▶ [Source material]:
---*---

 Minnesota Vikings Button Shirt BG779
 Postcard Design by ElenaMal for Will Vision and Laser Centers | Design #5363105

---*---

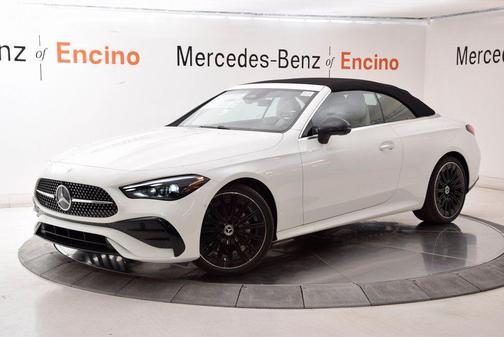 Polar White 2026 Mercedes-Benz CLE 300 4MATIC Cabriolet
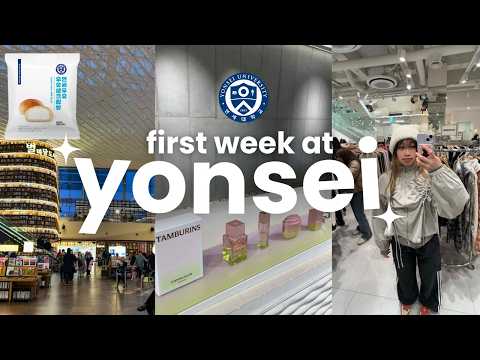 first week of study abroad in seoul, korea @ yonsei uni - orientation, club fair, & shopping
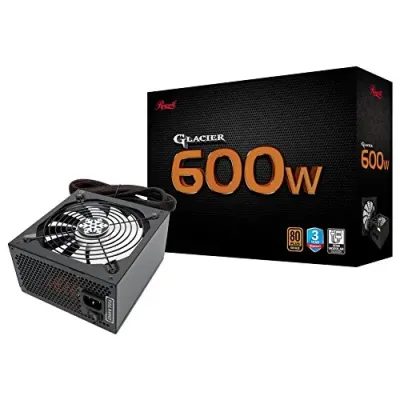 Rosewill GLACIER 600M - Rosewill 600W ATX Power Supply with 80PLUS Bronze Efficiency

---*---

Every line from the line containing "Minnesota Vikings Button Shirt BG779" through the line containing "Postcard Design by" in the records above must be retyped exactly. Leave out the rest.

▶ [Answer to this task]:
 Minnesota Vikings Button Shirt BG779
 Postcard Design by ElenaMal for Will Vision and Laser Centers | Design #5363105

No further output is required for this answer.